O espelho do Supremo
O mais fascinante nessa história toda é como essas entrevistas funcionam como um espelho. Não apenas do ministro, mas do próprio STF e, quem diria, do Brasil inteiro. É quase como folhear um álbum de fotografia institucional - você vê as mudanças, as rugas que aparecem, as transformações inevitáveis.
Nos primeiros anos, o Supremo era diferente. Bem diferente. Um tribunal mais discreto, menos no centro dos holofotes. Barroso mesmo reconhece: "O STF era uma corte reativa". E como mudou! Hoje, não tem como negar - a corte está no olho do furacão de praticamente todos os debates importantes do país.
A transformação que ninguém esperava
Quem poderia imaginar, trinta anos atrás, que o Supremo se tornaria... isso? Um tribunal que praticamente dita os rumos do país em questões que vão desde política até moral e costumes. A Constituição de 1988 abriu as portas, mas foram os ministros que decidiram caminhar por elas.
Barroso tem suas teorias sobre essa mudança. Na sua visão, o STF precisou ocupar espaços que outros Poderes abandonaram. É quase como aquela história: a natureza abomina o vácuo. Quando o Executivo e Legislativo falham em suas funções básicas, alguém tem que agir. E o Judiciário acabou sendo esse alguém.
Não é simples, claro. Essa expansão de atribuições gera debates acalorados. Tem quem adore e tem quem deteste. Mas fato é: o STF de hoje não é mais aquele tribunal discreto dos anos 90.
O peso das palavras
O que mais impressiona nessas entrevistas é a evolução do próprio Barroso. Das primeiras declarações mais cautelosas até as análises profundas dos últimos anos, dá para traçar uma linha do tempo do seu pensamento. E, de quebra, do pensamento jurídico brasileiro.
Ele mesmo brinca que algumas respostas antigas hoje lhe causam certa... vergonha? Não exatamente, mas aquela sensição estranha de rever algo que você escreveu muito tempo atrás. Quem nunca?
O interessante é que Barroso nunca fugiu dos temas difíceis. Pelo contrário - parece que quanto mais complexo o assunto, mais ele se anima em discutir. Direitos fundamentais, liberdades individuais, o papel do Estado... temas que parecem saídos de livros de filosofia, mas que na prática afetam a vida de todos nós.
Um retrato do Brasil
No fim das contas, essas três décadas de entrevistas são muito mais que um registro da trajetória de um ministro. São um retrato fiel - e às vezes doloroso - da nossa própria evolução como país.
Os temas que aparecem e desaparecem, as crises que surgem e se resolvem (ou não), as mudanças na sociedade que inevitavelmente chegam às portas do Supremo.

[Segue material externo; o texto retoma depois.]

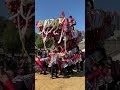 地継會　縦しゃくり　オールドスタイル 祭り 南河内だんじり祭 festival 南河内だんじり祭 祭り 縦しゃくり 地継會 大阪城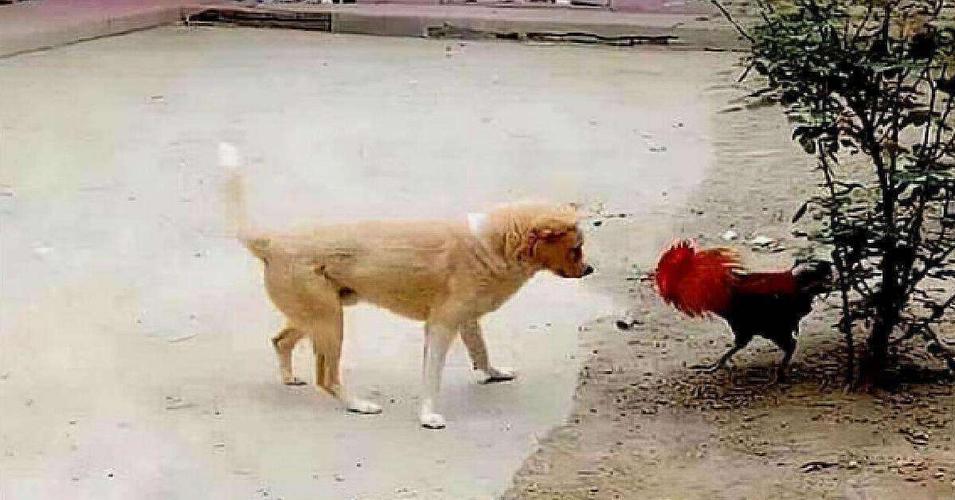 狗为什么会咬鸡,狗为什么会咬鸡,但是平常不咬,狗不咬鸡不叫的时候是什么时辰？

Tudo está lá, registrado nas respostas de Barroso ao longo dos anos.
E o que fica claro é que o STF, querendo ou não, tornou-se um ator central na democracia brasileira. Para o bem ou para o mal, não há como discutir: entender o Supremo hoje é entender o Brasil. E essas entrevistas são uma janela privilegiada para ambos.
O livro que está por vir promete ser mais que uma coletânea de falas. Será um documento histórico, um guia para entender como chegamos até aqui. E, quem sabe, para imaginar para onde vamos.